Football at Christian Colleges and Universities

Football at Christian Colleges and Universities September 3, 2016

This is my first autumn at The Anxious Bench, and I’m steeling myself to endure all sorts of college football talk. After all, four of my Anxious Bench colleagues (David, Kristin, Tim, and John — who even shares his name with a Notre Dame defensive back) earned doctorates from 10th ranked Notre Dame, whose Fighting Irish will begin their quest for their ninth national championship tomorrow with a rare Sunday night game. And while #23 Baylor (employer of Beth and Philip, plus my predecessor Tommy Kidd — another Notre Dame grad) figures to be down this year after a turbulent offseason, the Bears steamrolled last night’s visitors from Northwestern (LA) State and could well compete for their third Big XII championship in four years.

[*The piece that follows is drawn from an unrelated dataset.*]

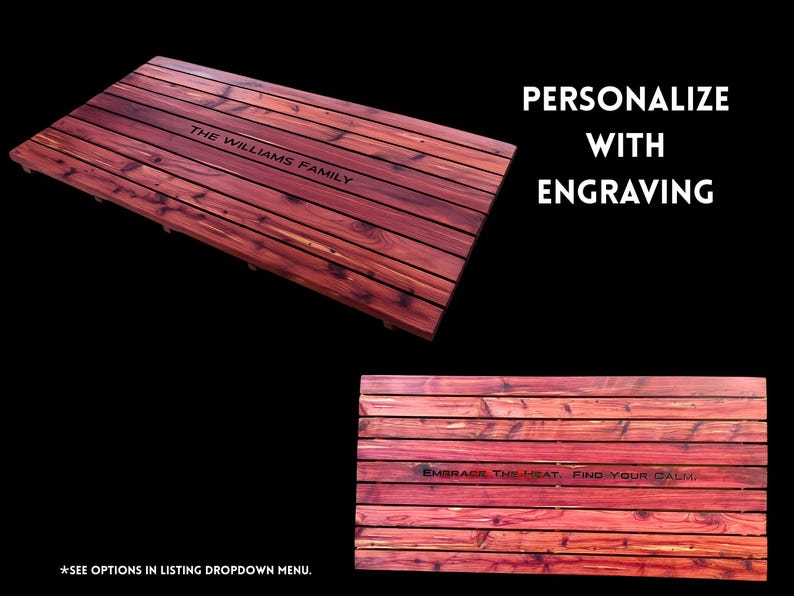 May include: Two rectangular wooden slat mats with reddish-brown grain. The top mat features the engraved text THE WILLIAMS FAMILY. The bottom mat features the engraved text EMBRACE THE HEAT. FIND YOUR CALM. Text on the right reads PERSONALIZE WITH ENGRAVING.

But it’s worth remembering that neither is all that representative of college football. Unlike Notre Dame, most college football programs do not take in $86 million in annual revenues, 2nd only to the school UND will play tomorrow night: the University of Texas at Austin. Unlike Baylor, most universities do not spend a quarter-billion dollars on a new stadium, not to mention $50 million on other football facilities. And unlike either school, most Christian and church-related colleges and universities either play in lower levels of competition or don’t field teams at all.

* * * *

As I’ve already established here, I work for a less famous Baptist “BU.” Playing in the shadow of a rather hapless Big Ten program, Bethel University has been a perennial regional power in Division III of the National Collegiate Athletic Association (NCAA), which permits no athletic scholarships and garners little media attention. Led by long-time coach Steve Johnson, the Royals open their season today against the University of Dubuque, the reigning champion of Iowa Intercollegiate Athletic Conference.

1916 Bethel Academy football team picture
Facilities improved a bit when a $10,000 check from railroad tycoon James J. Hill let Bethel move to a new campus across from the Minnesota State Fair Grounds – CC BY-NC 3.0 (Bethel University Digital Library)

Bethel students have been playing football since before the school became a four-year college (1947). The oldest yearbook (1909) in our excellent digital library complains that then-Bethel Academy “had no grounds” for football practice “except the lawn around the building and this was greatly damaged thereby.” This was no small matter to the student-editors, who placed athletic competition at the center of Bethel’s historic commitment to forming “whole and holy persons“:

We admire the motto of the Y.M.C.A.: Mind, body, and spirit. This motto, if followed up closely, will give us a perfect man as far as man can be perfect. The development of the mind is what we primarily come to school for, and yet we must not forget that the other two are equally as important, in fact more important. It is unnecessary to mention the importance of spiritual development, for we all know that a man without a clean soul has but little to live for. These first two essentials, mind and spirit, have received due attention at Bethel Academy, but in order to develope [sic] the mind and spirit, development of the body is absolutely necessary. We must remember that the body is the temple of the spirit. When we think of the beauty of the human body which is the image of the Creator himself, it would be an unpardonable crime to neglect its preservation and development, which many of us do.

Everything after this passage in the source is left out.